Both of his full-timers support expanding the company. At the same time, Rubenzer doesn’t want to hire people he doesn’t know and can’t spend time with so they learn what he expects. 

“I’ve only been doing this for five years, but in those five years, I’ve seen where people can cut corners and have cut corners,” he says. He’s seen repairs that don’t make sense and wouldn’t have become problems if someone had used the proper pipe or spent a little more time doing the work. “I don’t want someone else going to one of our jobs and saying, Oh, boy, look at that. 

“In general, I’m looking to expand, not explode,” he says. 


Understanding brand value
Stolt Excavating & Trucking doesn’t operate in a vacuum. It’s based in small town Bloomer, Wisconsin, in a county of about 65,000. Next door is Eau Claire County with 104,000 people, and the company’s radius of operations takes it to the edge of the Minneapolis-St. Paul metro area. 

So yes, there is work available, and there is competition for Joe Rubenzer, the owner of the company. Yet marketing is not something he’s had to worry about. 

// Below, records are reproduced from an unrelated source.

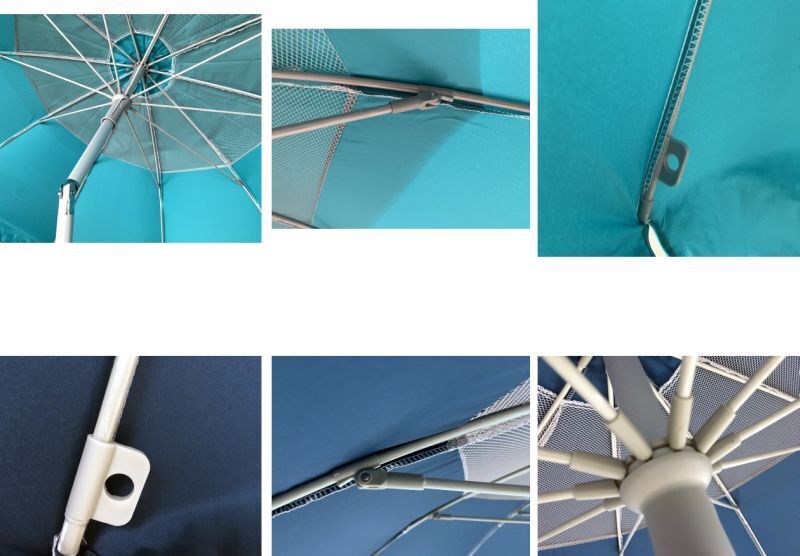 Ομπρέλα Ηλίου Maui Αντιανεμική 220/8-29/32mm Polyester-3 Χρώματα (1560) φωτογραφία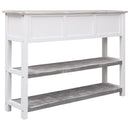 skænk 108x30x76 cm massivt kejsertræ antikgrå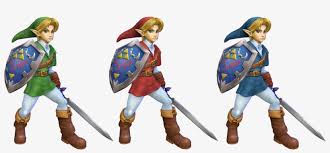 27 legend of zelda coloring pages collections. Ocarina Of Time Link Team Colors Oot Link Transparent Png 1022x454 Free Download On Nicepng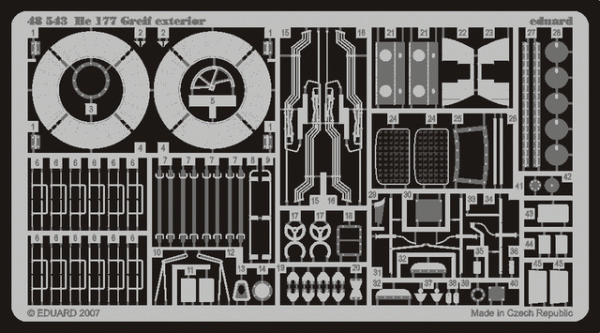 Eduard 48543 He 177 Greif exterior 1/48 CMK / MPM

“We do some advertising in phone books, newspapers and we have a website,” he says. There’s a water-ski team in a nearby tourist area, and Rubenzer buys an ad in the group’s program. And the company vehicles are like rolling billboards. 

The company has been steadily busy since he purchased it in 2015, and in late 2020 he hired his second full-time employee. Looking back, he can see what made the difference. 

“It was good to keep Stolt Excavating & Trucking instead of changing the name,” he says. “I thought about changing it to Rubenzer Excavating when I first bought. I said, ‘No, I’m going to keep it. I don’t care if my name’s on it. I’m here to make money, not to boost my ego.’” 

His decision gave him the advantage of customer goodwill built up over the years by previous owner Dan Stolt. The company was already known for good work, and in the beginning that was especially helpful because Rubenzer didn’t have to hunt for business; people called because they knew the name. Now, after five years, probably 90% of the people who call know the company has changed hands, he says. But they’re still calling, which says something about how Rubenzer has carried on the reputation that Dan Stolt built.